■ **Problem description**
Quote every line of the data below as it stands, omitting pictures.

■ **Dataset excerpt**
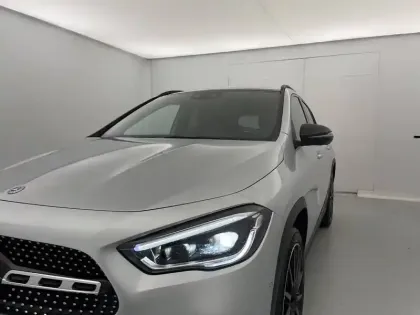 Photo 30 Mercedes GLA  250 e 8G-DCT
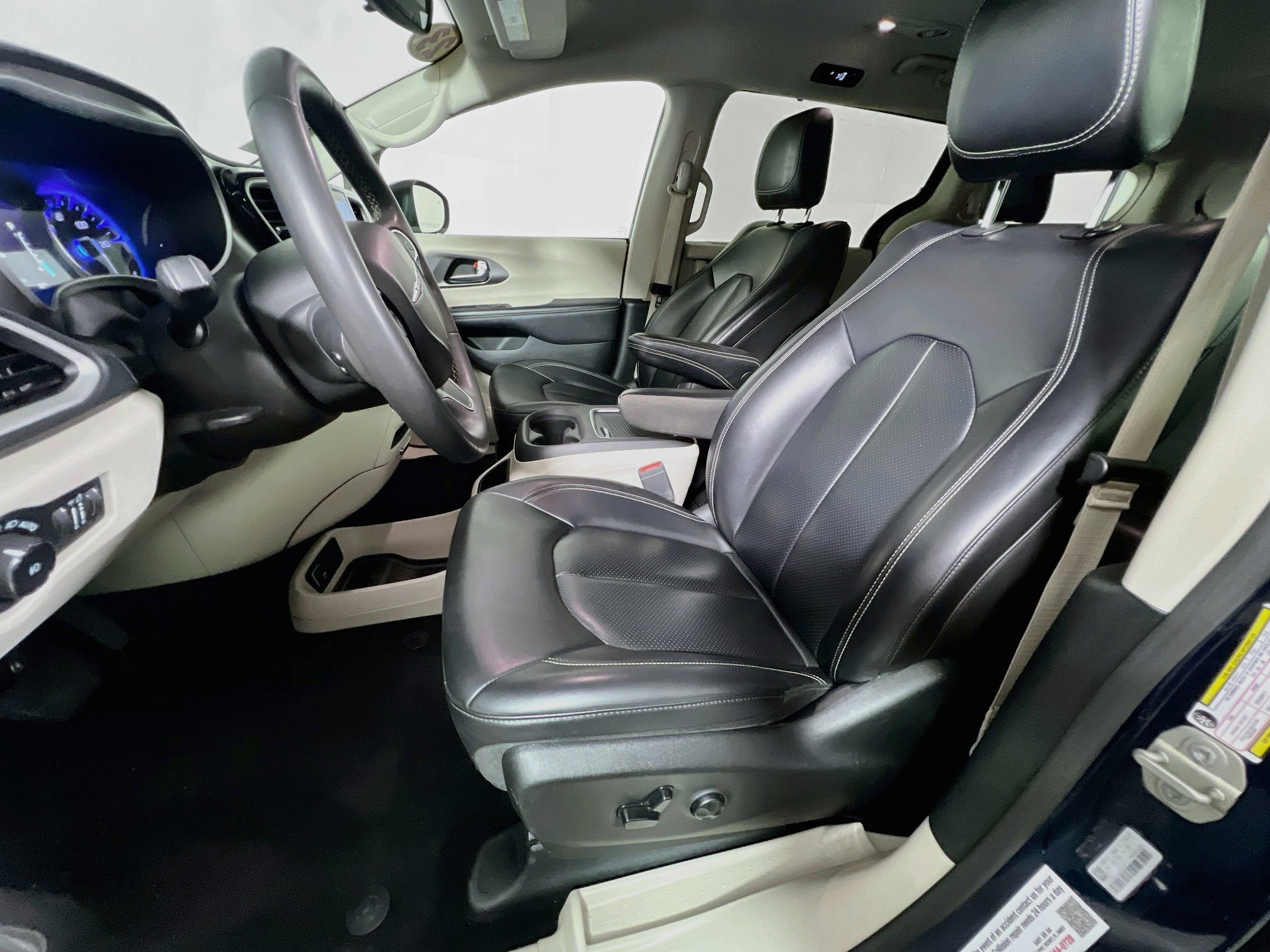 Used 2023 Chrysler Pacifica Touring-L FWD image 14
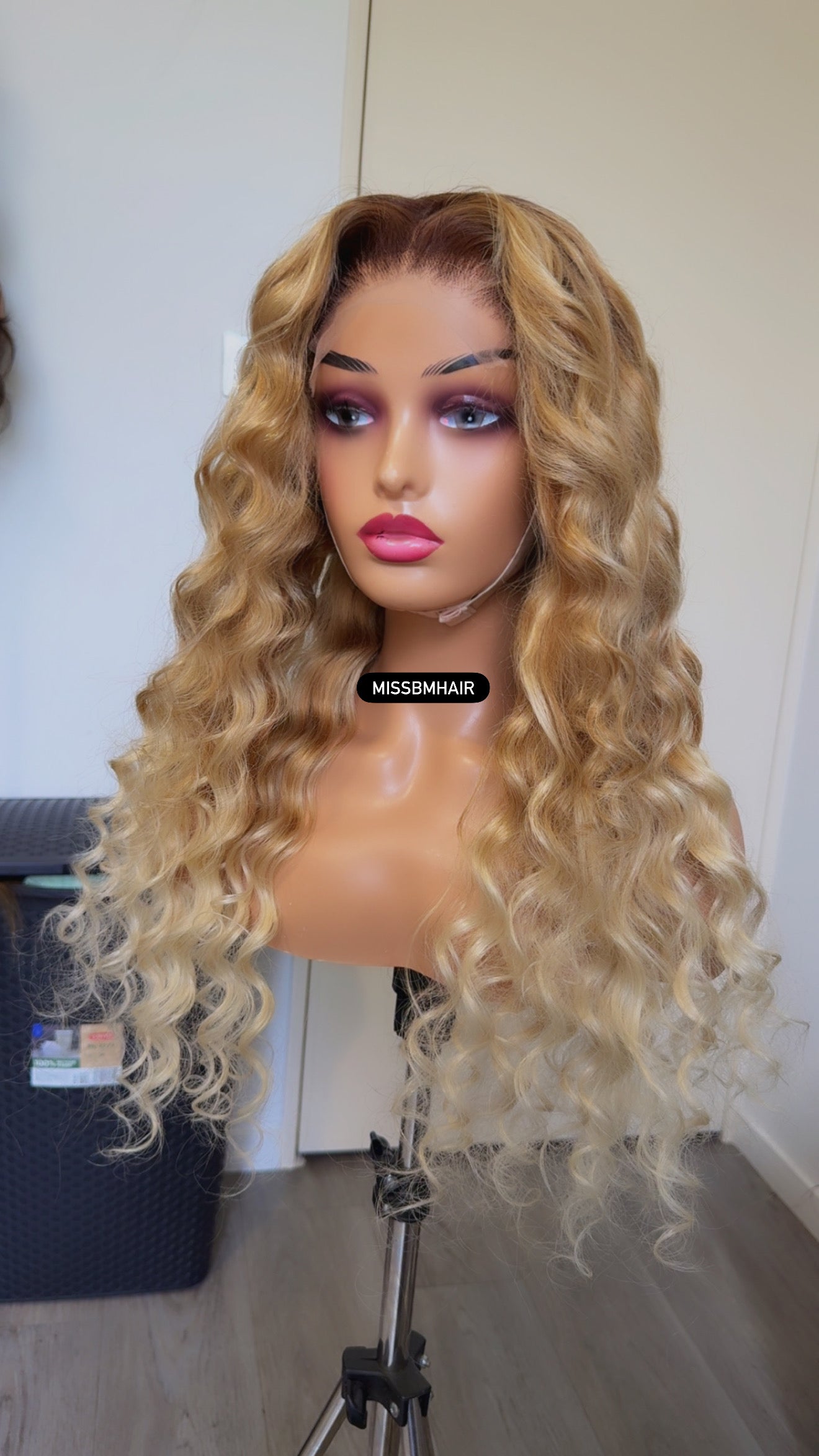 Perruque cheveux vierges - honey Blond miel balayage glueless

■ **Answer to this task**
 Photo 30 Mercedes GLA  250 e 8G-DCT
 Used 2023 Chrysler Pacifica Touring-L FWD image 14
 Perruque cheveux vierges - honey Blond miel balayage glueless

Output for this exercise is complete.